In the wake of the failed Hanoi Summit, that effort is now being halted.

In a new sign of troubled relations with North Korea, the Pentagon said Wednesday it has suspended its efforts to arrange negotiations on recovering additional remains of U.S. service members killed in the North during the Korean War.

In a statement Wednesday, the Pentagon’s Defense POW-MIA Accounting Agency said it has had no communication with North Korean authorities since the Hanoi summit between President Donald Trump and North Korean leader Kim Jong Un in February.
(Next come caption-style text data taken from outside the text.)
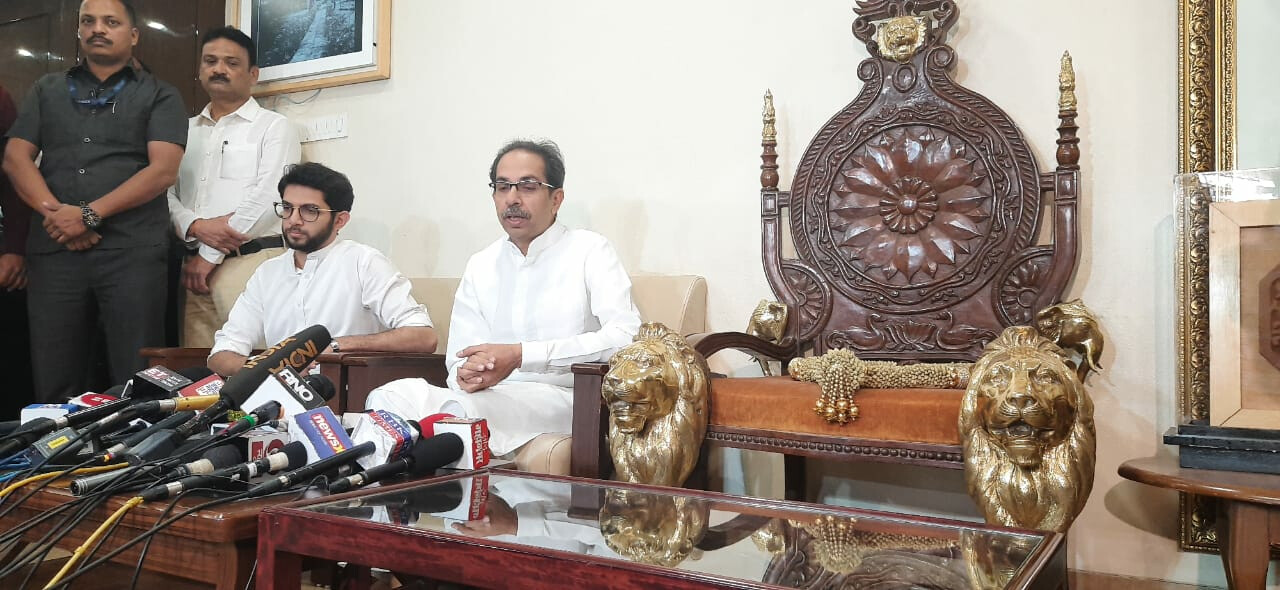 महाराष्ट्र में JNU जैसी घटना कभी नहीं होने दूंगा- उद्धव ठाकरे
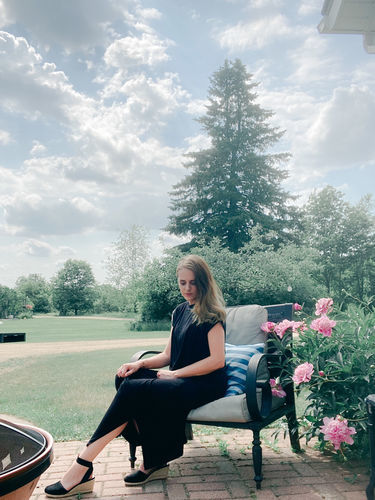 Customer photo review of Brigitte Brianna Cozy Dress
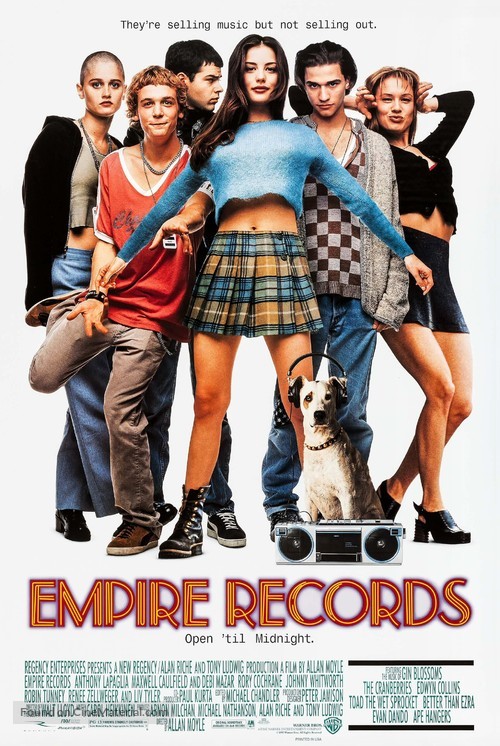 Empire Records - Movie Poster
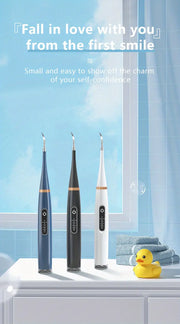 Ultrasonic Electric Tooth Cleaner for Tartar Removal Frugal Finds Galore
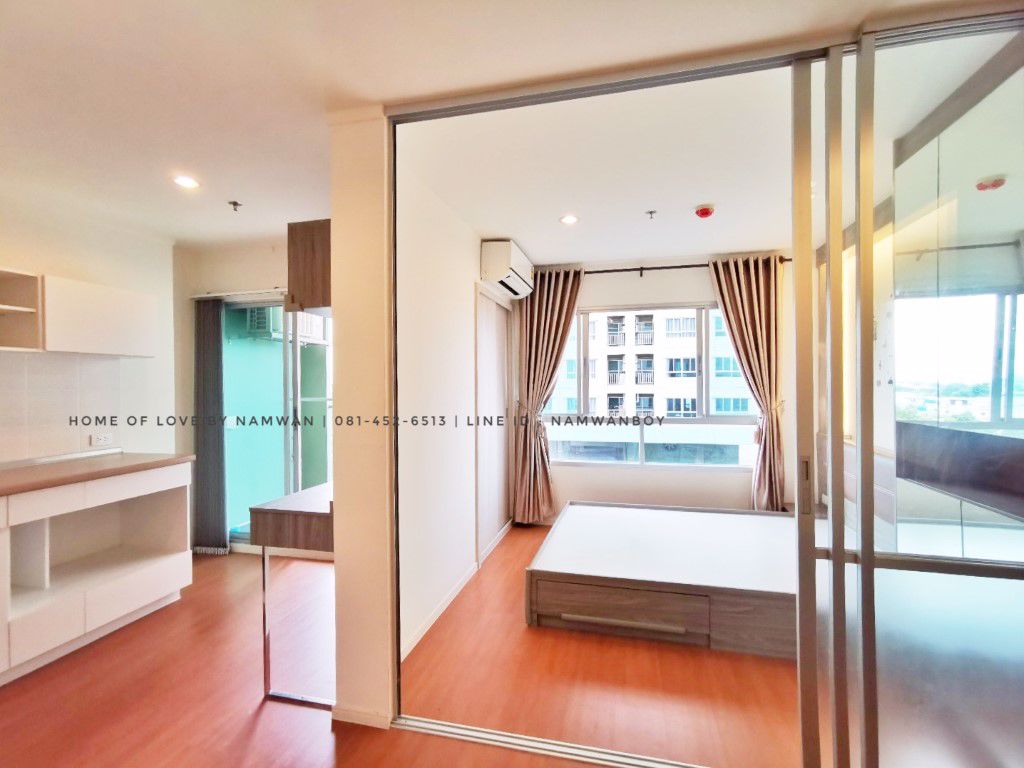 ขายขาดทุน-ลุมพินี-พาร์ค-รัตนาธิเบศร์-งามวงศ์วาน-ติด-mrt-ตึกc-วิวสระ-26-ตรม-เฟอร์-built-in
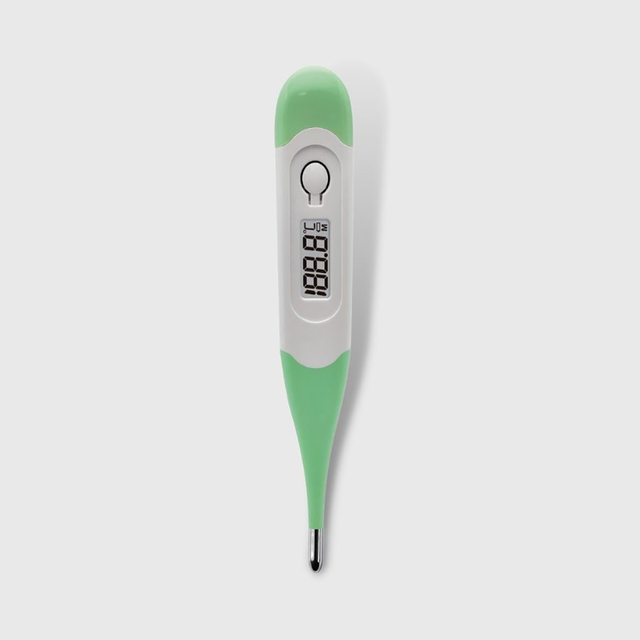 CE MDR ခွင့်ပြုချက် Digital Oral Flexible Tip Thermometer for Baby and Adult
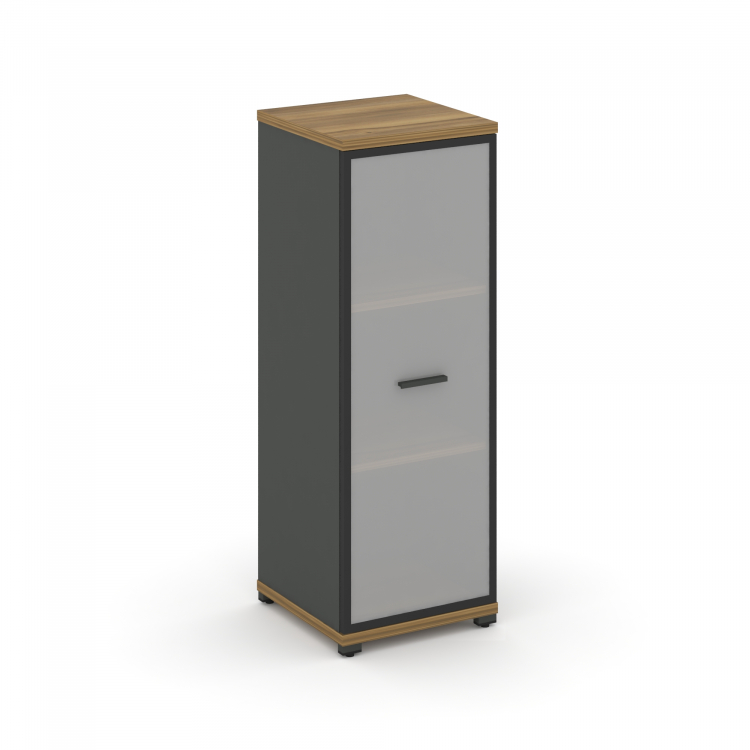 Concept Шкаф 1 узкая секция, 3 ниши CN.STU.E-316 RMB A Сандал Янтарный/Антрацит/Металл Антрацит/Сати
That meeting focused on the North’s nuclear weapons and followed a June 2018 summit at which Kim committed to permitting a resumption of U.S. remains recovery, which had been suspended by the U.S. in 2005.

“As a result, our effort to communicate with the Korean People’s Army regarding the possible resumption of joint recovery operation for 2019 has been suspended,” the agency said. “We have reached the point where we can no longer effectively plan, coordinate, and conduct field operations in the DPRK during this fiscal year, which ends on Sept. 30, 2019.”
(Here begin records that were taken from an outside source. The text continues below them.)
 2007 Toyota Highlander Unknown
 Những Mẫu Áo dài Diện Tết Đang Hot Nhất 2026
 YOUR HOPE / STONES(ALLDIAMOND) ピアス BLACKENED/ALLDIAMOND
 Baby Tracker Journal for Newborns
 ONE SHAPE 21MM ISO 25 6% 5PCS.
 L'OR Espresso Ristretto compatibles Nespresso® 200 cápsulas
Last summer’s summit ultimately resulted in North Korea returning 55 boxes of presumed U.S. remains from the war, a milestone on the previously futile efforts to recover the fallen from the conflict.
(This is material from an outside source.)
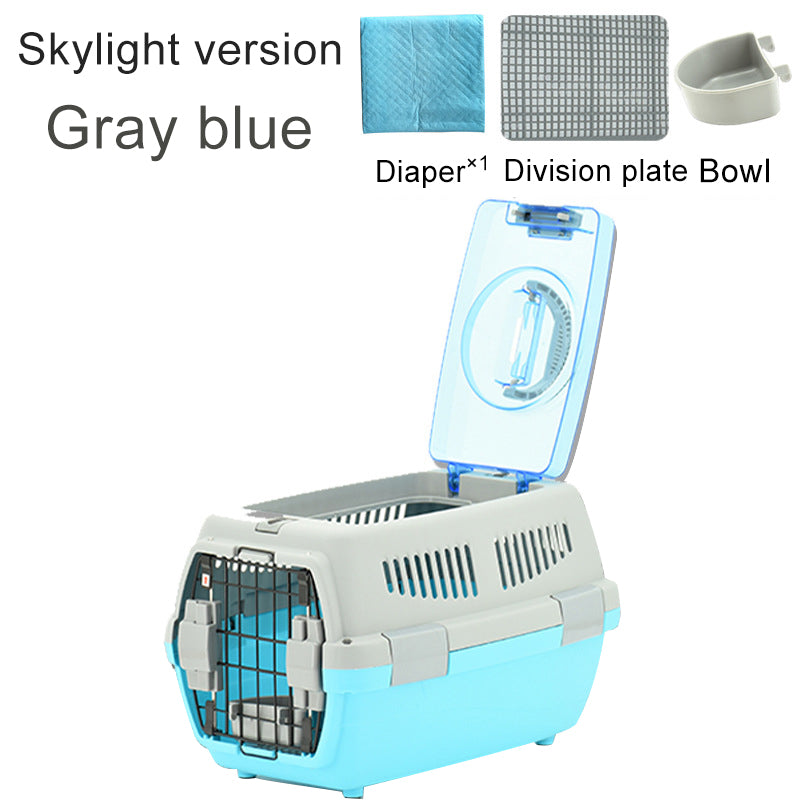 Pet Airline Carrier Bag – Travel-Ready Carrier for Cats & Dogs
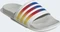 adidas Comfort Adilette cloud white/glow blue Vorschaubild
With the recovery effort on hold, the DPAA says that it’s now “assessing possible next steps in resuming communications” with the North Koreans about potential plans for joint operations in the 2020 fiscal year.

News that part of the Pentagon is having trouble communicating with North Korea’s military comes as the NK News site reports similar problems in diplomatic circles, citing officials who say they’re seeing a pattern of meetings being canceled and telephone calls ignored.

Despite the setback for the recovery program, the DPAA continues to work on identifying remains of U.S. soldiers and other personnel, applying DNA analysis and other scientific tools to try to match them with personnel and health records. So far in 2019, it has identified more than a dozen soldiers from the Korean War. Most of those remains had been in U.S. custody for decades, awaiting official identification through advanced means.

In my last analysis of the North Korean situation, I noted that there are reports that North Korea has had its worst harvests in a decade. Now, it appears that the U.S. will not prevent the South Koreans sending food aid to the north.

U.S. President Donald Trump expressed support for South Korea’s possible humanitarian assistance to the North during a phone call with President Moon Jae-in on Tuesday, the latter’s office said.

White House press secretary Sarah Sanders was asked at a meeting with reporters Wednesday if Trump will go along with the plan despite the North’s firing of projectiles last week.

“Our position in regards to North Korea is going to continue to be the maximum pressure campaign. Our focus is on the denuclearization,” Sanders said, referring to the U.S.-led sanctions aimed at dismantling the North’s nuclear weapons program.

“If South Korea moves forward on that front, we’re not going to intervene,” she added.